|
Located
in Utah Valley, Utah County, Springville is about midway
between the north and south borders of the county to the
east of Utah Lake at approximately 4,500 feet in elevation,
at the foot of the Wasatch Range.
One of the most important features of the Springville
location is Hobble Creek, a stream draining the modest
watershed of Hobble Creek Canyon. Springs from both forks
of the canyon feed the creek above what is now the Hobble
Creek Golf Course, but irrigation keeps Hobble Creek from
flowing perennially. These springs and others north of
town give Springville its name, although it was first
called Hobble Creek.
Native Americans of the Ute tribe occupied land in the
well-watered valley. They hunted and fished, but left
no written record of their lifeways. The first such record
of these people is in journal entries of the Dominguez-Escalante
expedition, which left Santa Fe for Monterey in July 1776.

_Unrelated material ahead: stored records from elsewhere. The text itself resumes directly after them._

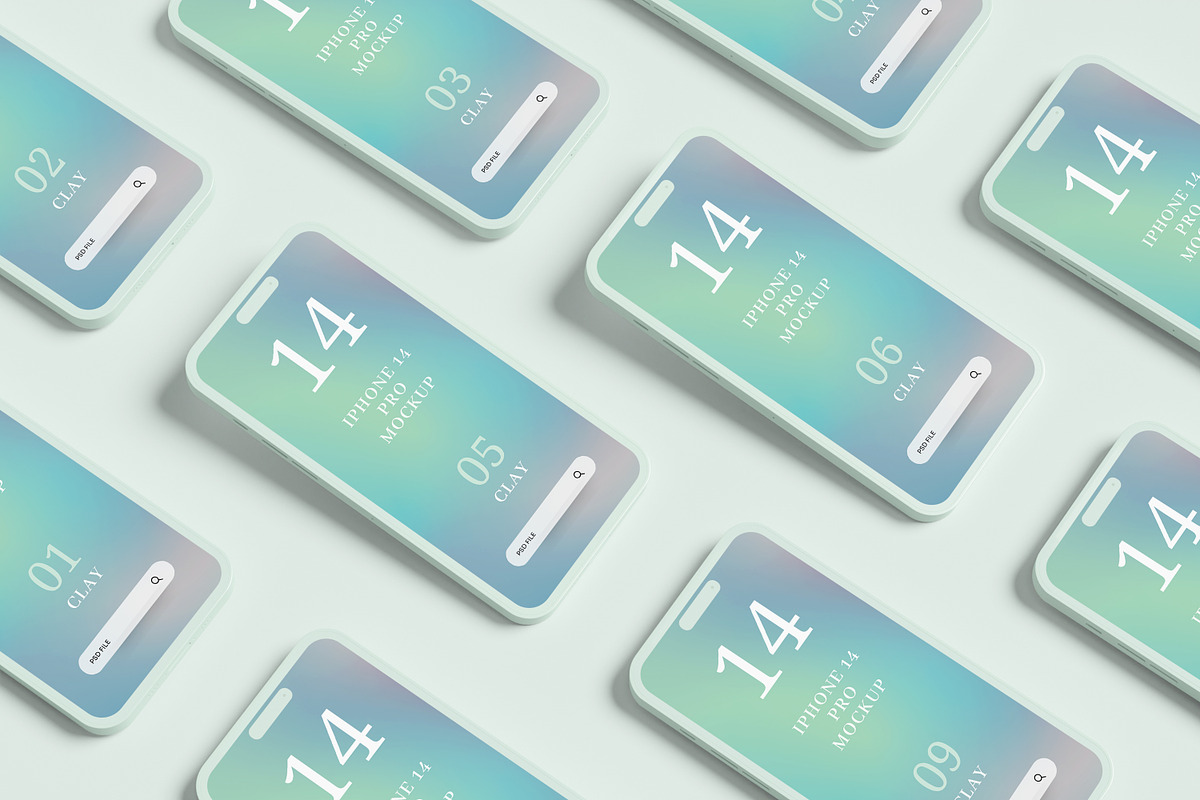 Phone 14 Pro Clay Mockup, a Print Template by AKMAL STUDIO (Photo 2 of 8)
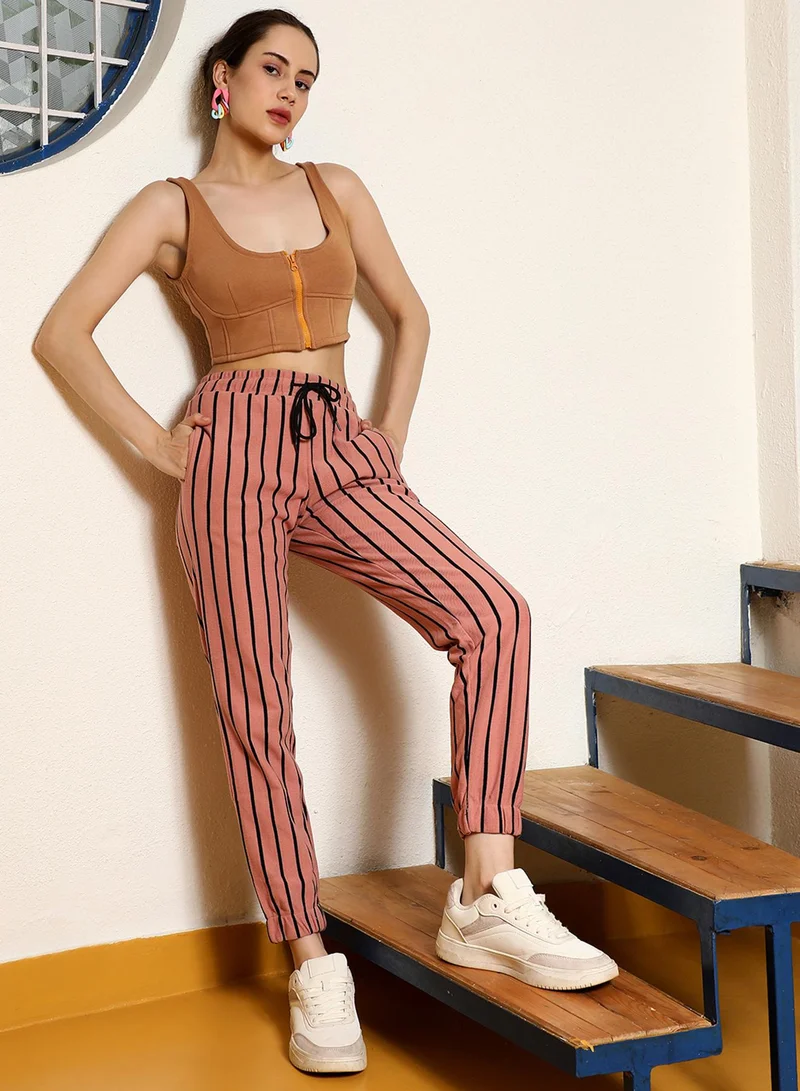 PINACOLADA Women's Nude Pink Striped Trackpants
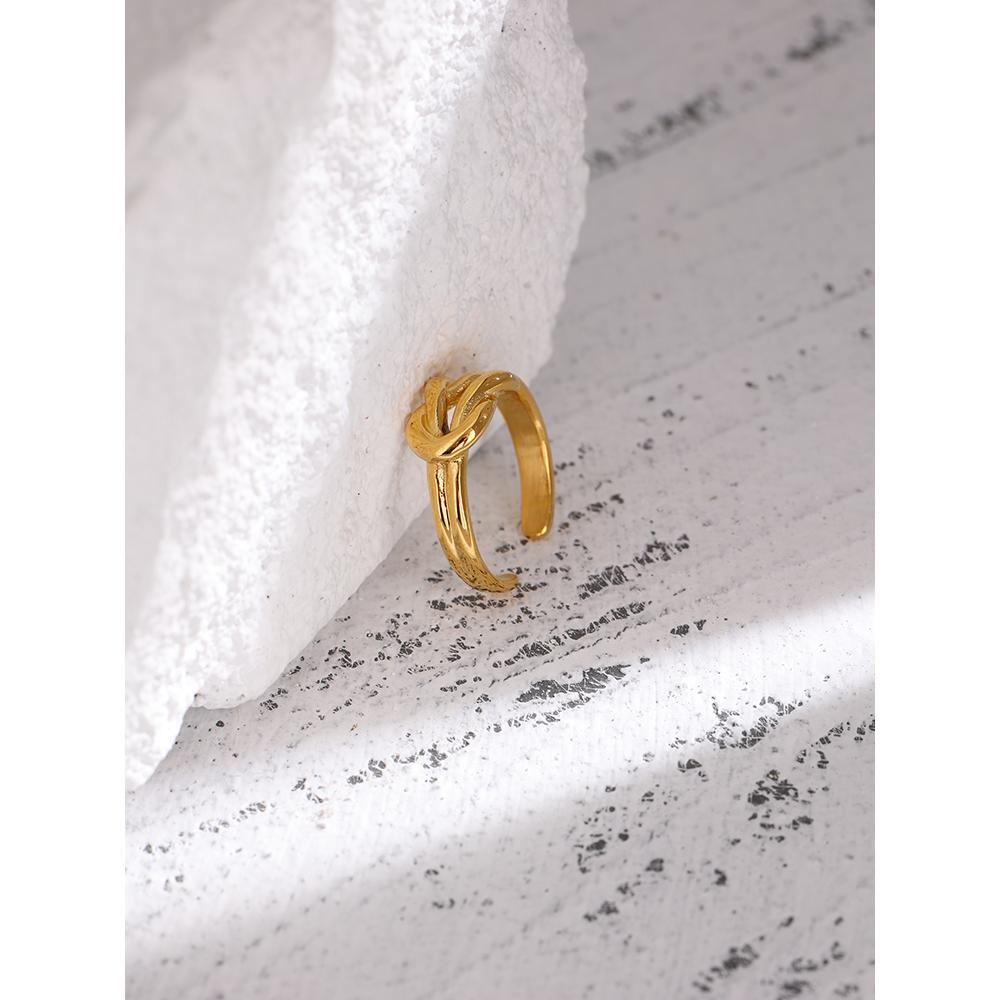 Yhpup Stainless Steel Tie Opening Ring for Women High Quality Metal Golden 18 K Women Trendy Ring Jewelry Anillos Mujer Gift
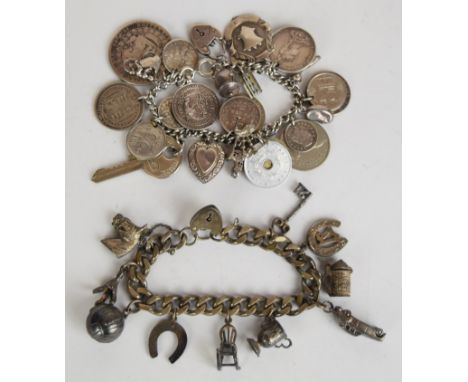 Two silver charm bracelets with nineteen silver charms including football, car, horse, horseshoe, heart locket, fob, 'sewing 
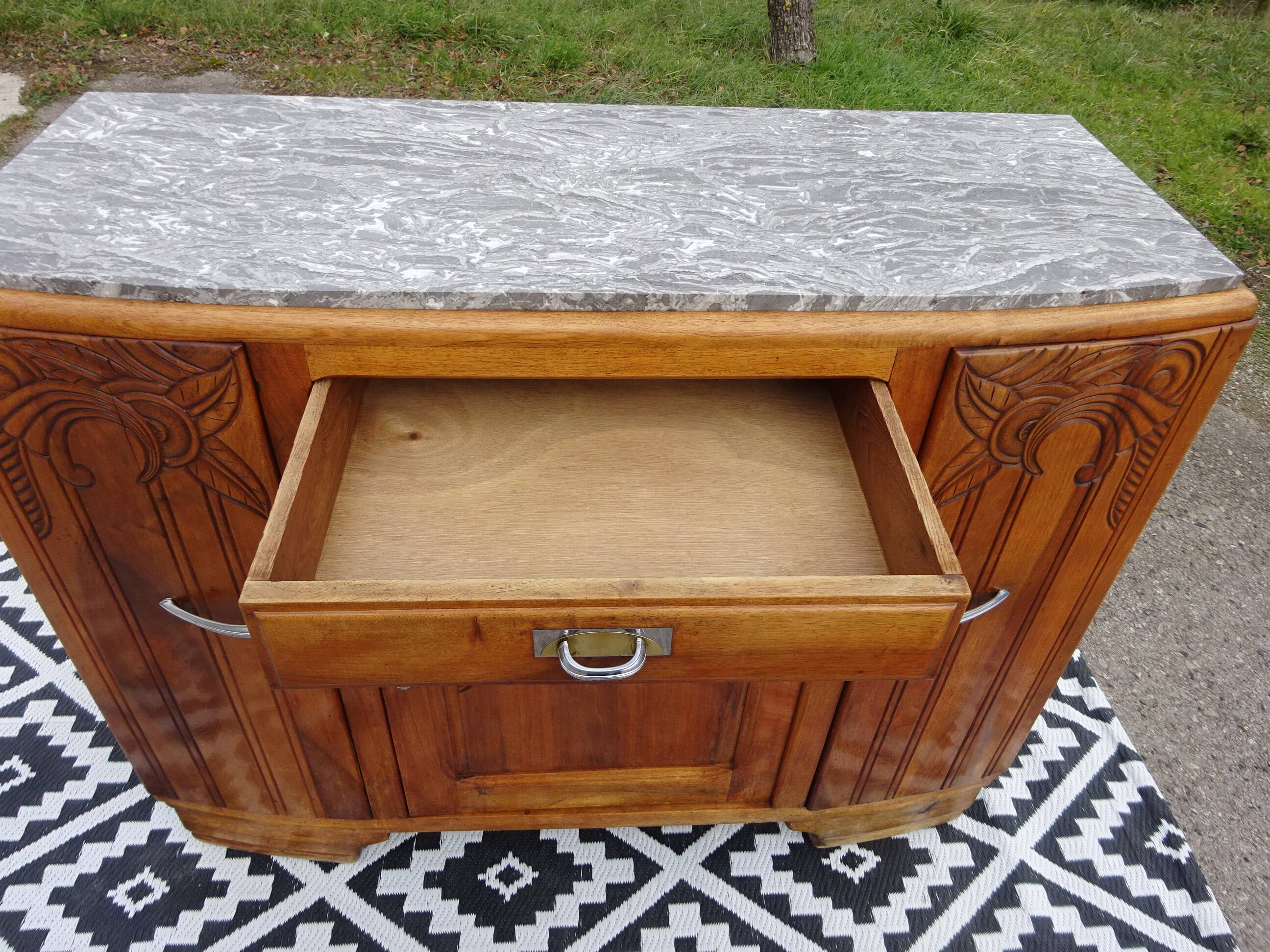 Narrow sideboard, art deco in light walnut, gray marble top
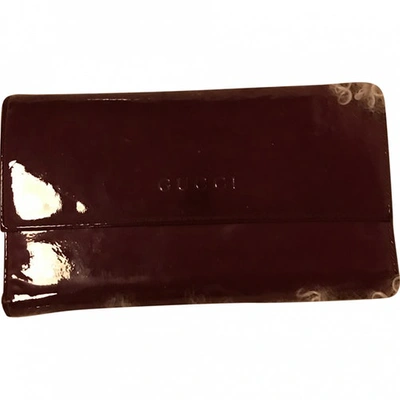 Pre-owned Gucci Purple Patent Leather Wallets
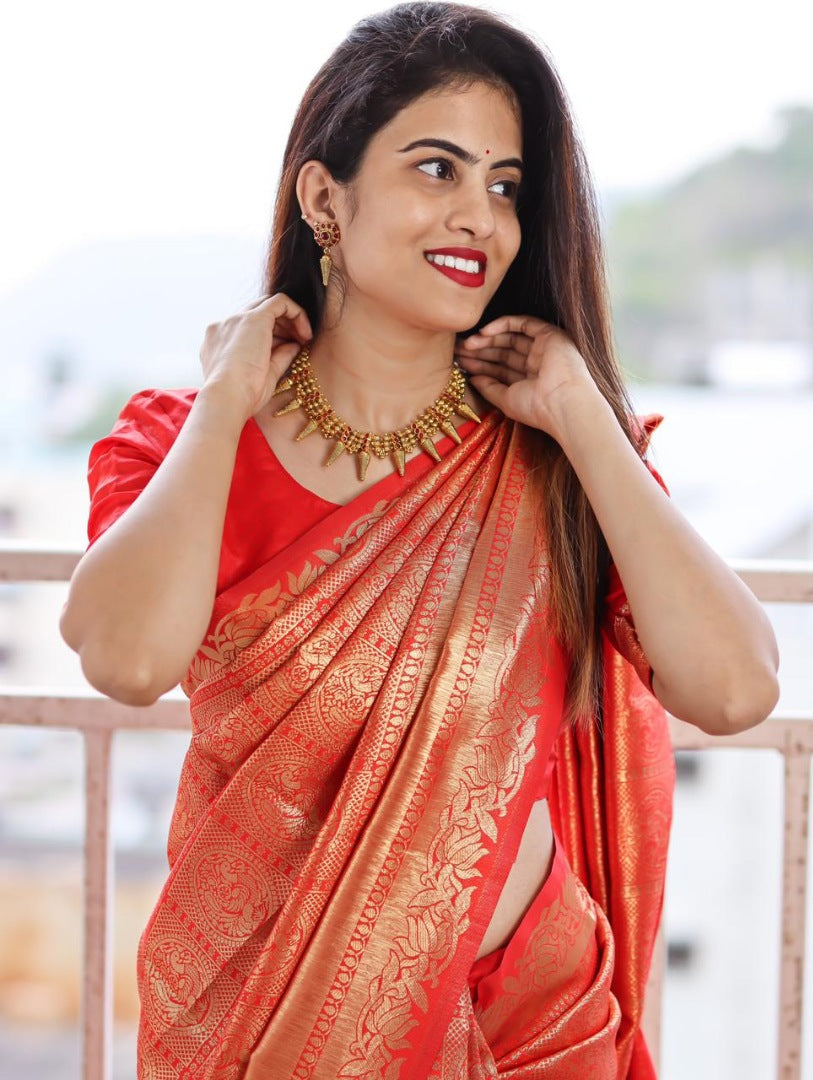 Magento red kanchiwaram zari weaving work wedding saree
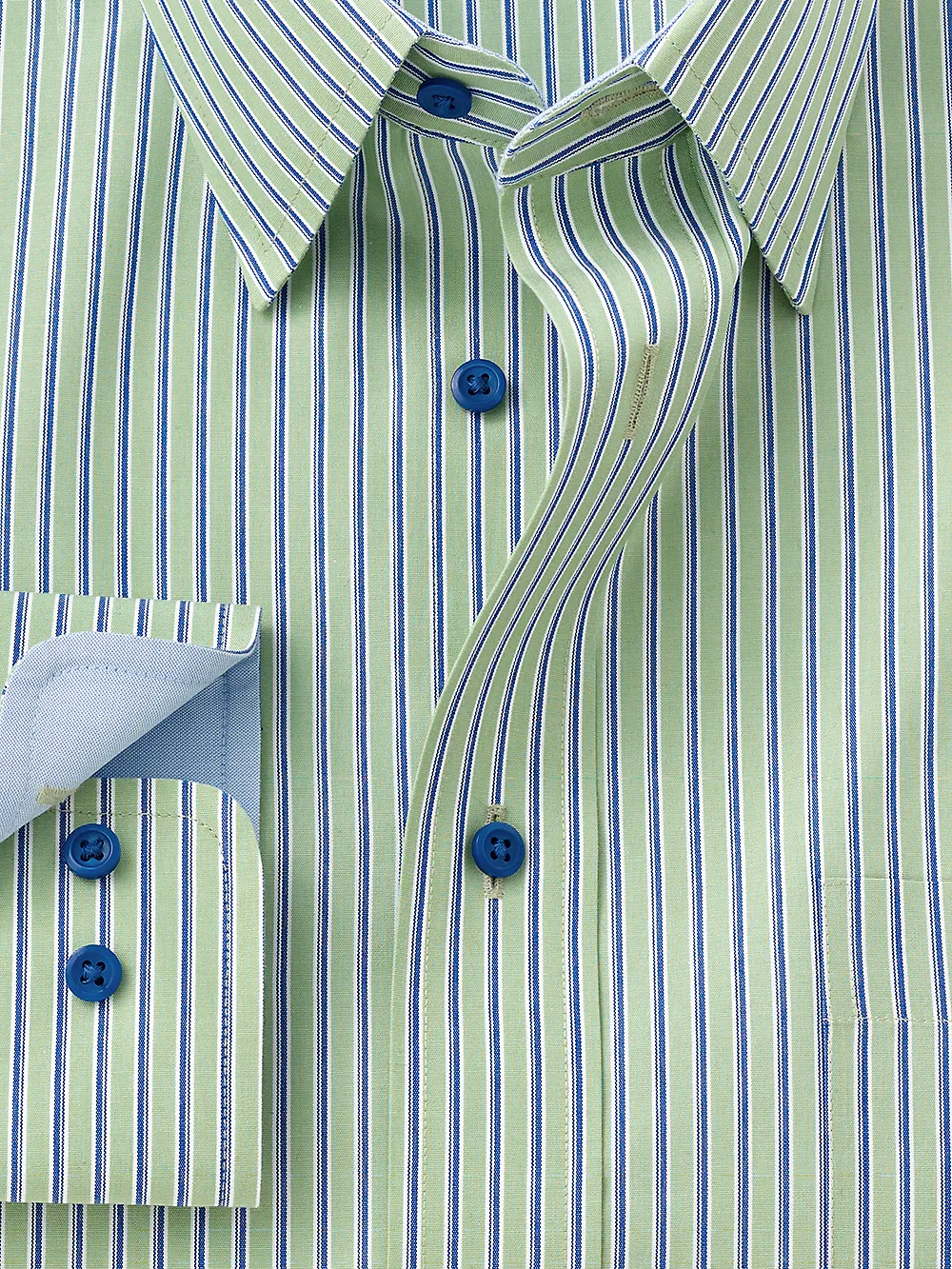 Non-Iron Cotton Stripe Dress Shirt With Contrast Trim - Green/blue sold by Paul Fredrick product image thumbnail 2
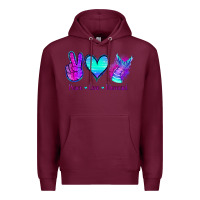 Burgundy Peace Love Mermaid Premium Hoodie - Jasminsmagicworld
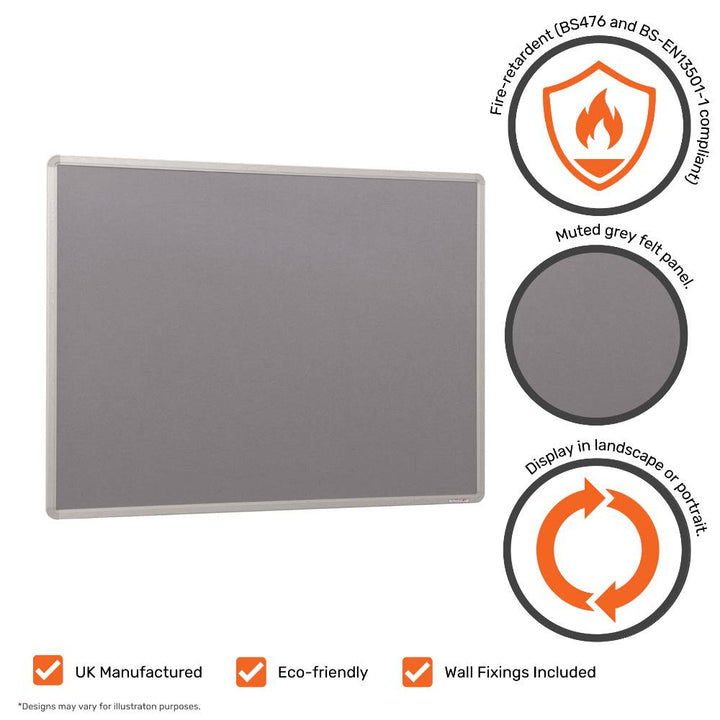 Feature panel: BS 476 and BS EN 13501-1 fire-retardant grey felt, landscape or portrait mounting, eco-friendly, wall fixings included, UK manufactured.
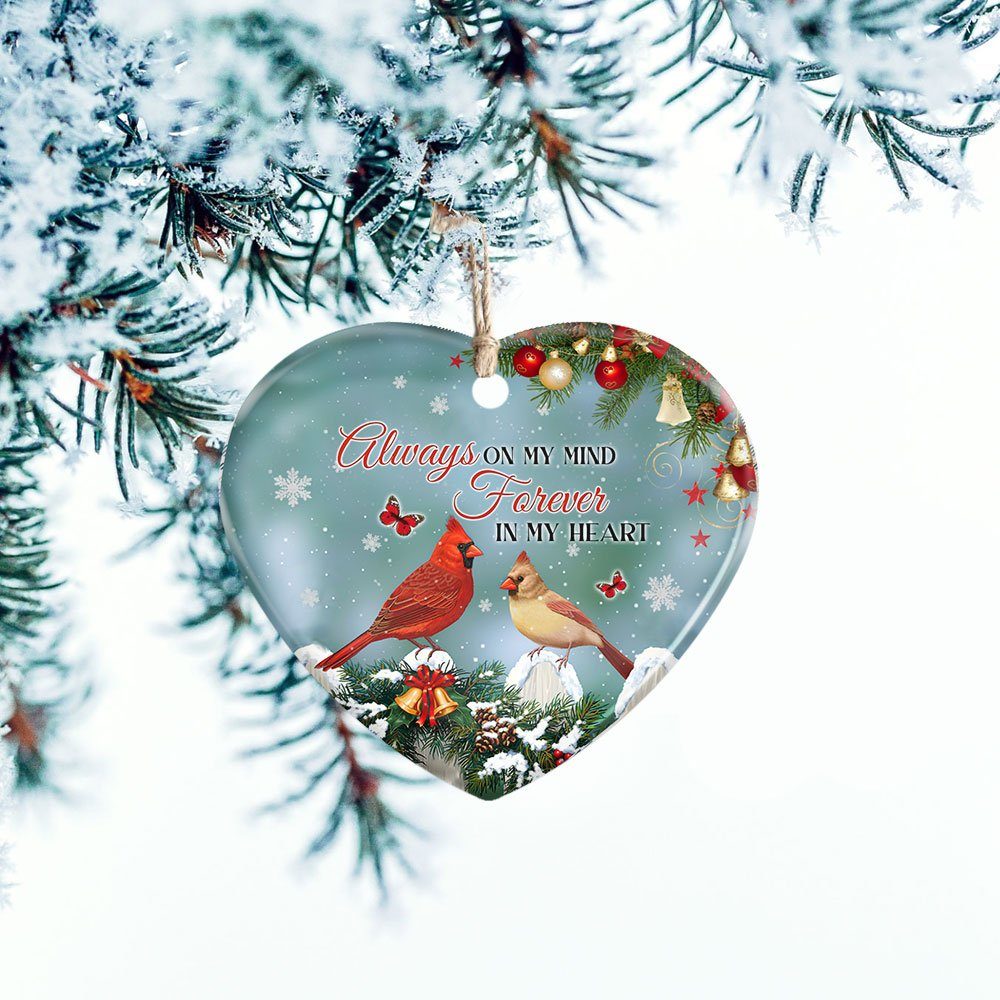 Cardinal Ceramic Ornament Always On My Mind Forever In My Heart LHA1829O - Image 2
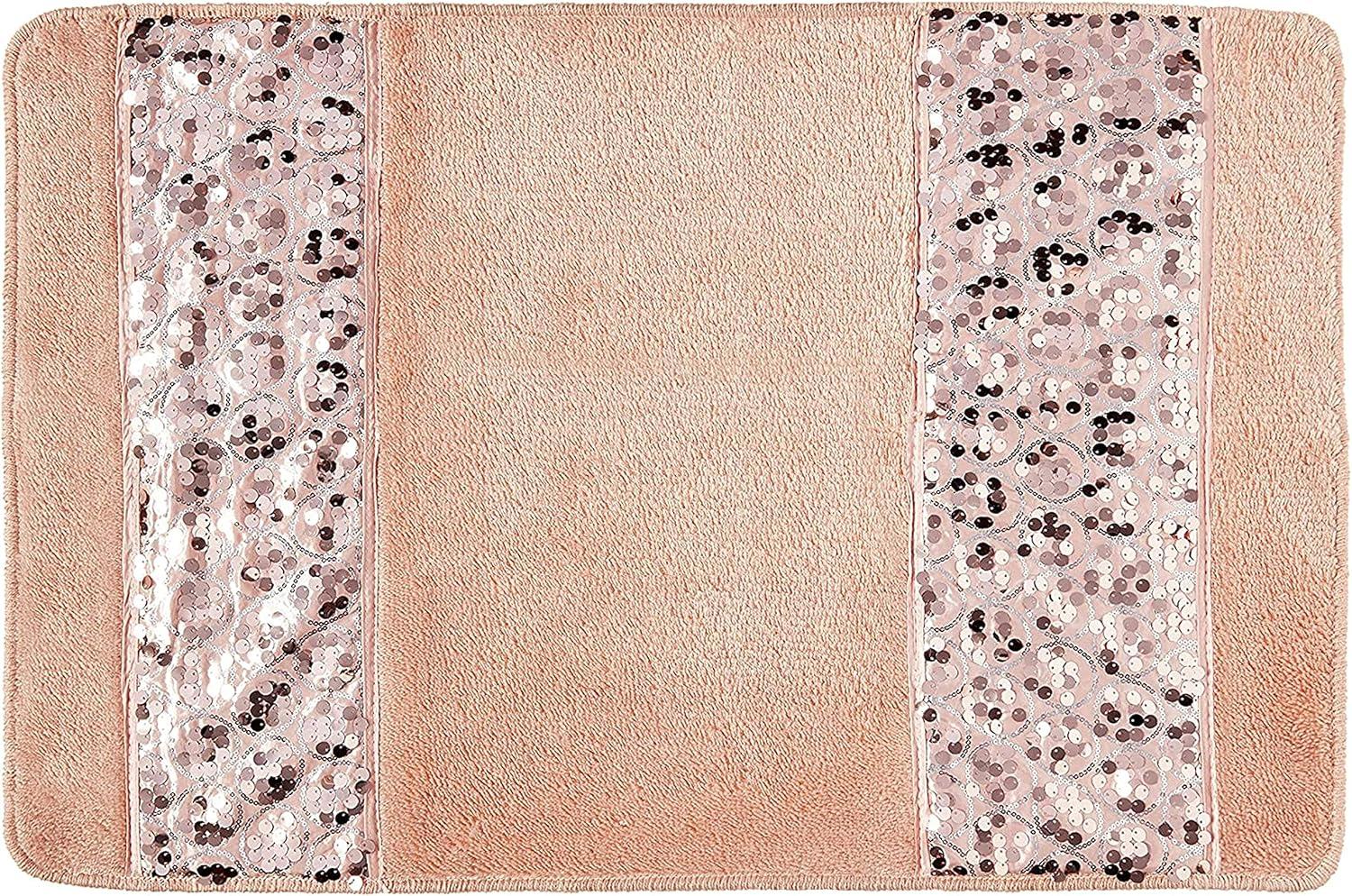 Zahari Home Sinatra Bathroom Rug Classic Bath Rug Stylish Bling Bath Mat, Size 32" x 21", Blush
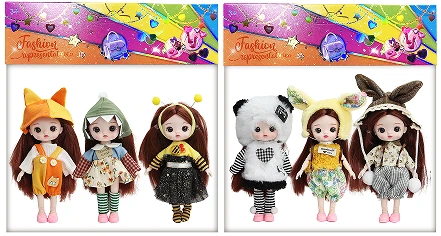 [English] 6 inch OB11 doll 17 cm 13 joints real 3D comic eye fashion cartoon loli doll three packs mixed with a variety of styles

The Spanish fathers leading the expedition were delighted
to find many Utes living around Lake Timpanogotsis (Utah),
and felt the Indians, including those living on Hobble
Creek, might be subject to their missionary efforts.
Aaron Johnson led settlers to Springville in 1850. Mormon
settlers displaced Native Americans and relegated them
to an "Indian Farm," located on poor ground,
unfit for farming, at the mouth of the Spanish Fork River
near the Utah Lake. Mormon settlers developed subsistence
farming for fewer families than was hoped, due to lack
of water. Some Springville farmers turned to hauling freight
from California twice a year. Following the Civil War
in 1865, other farmers turned to raising cattle and sheep.
Completion of the transcontinental railroad in 1869 made
rail shipment of stock to market possible, so stockmen
used more intensive grazing practices. The railroad also
helped make mining products profitable, and many mines
started to be developed. Beginning in 1878, Springville
merchant Milan Packard built a railroad to bring coal
from Scofield to Utah Valley. The Rio Grande Railroad
bought out the line in 1882.
Like the Native Americans before them, Springville stockmen
lived in the valley during the winter and grazed their
animals in the mountains in summer. Valley precipitation
is generally low, six to twelve inches per year. Above
6,000 feet elevation, precipitation in the mountains is
20 inches to 30 inches annually. Most of the water comes
in the form of winter snow. Stockmen over-used grazing
resources. The stock consumed most of the grass from the
hillsides, leaving surfaces unprotected from summer cloudbursts
and spring runoff. The resulting floods and mud flows
nearly caused abandonment of some rural communities.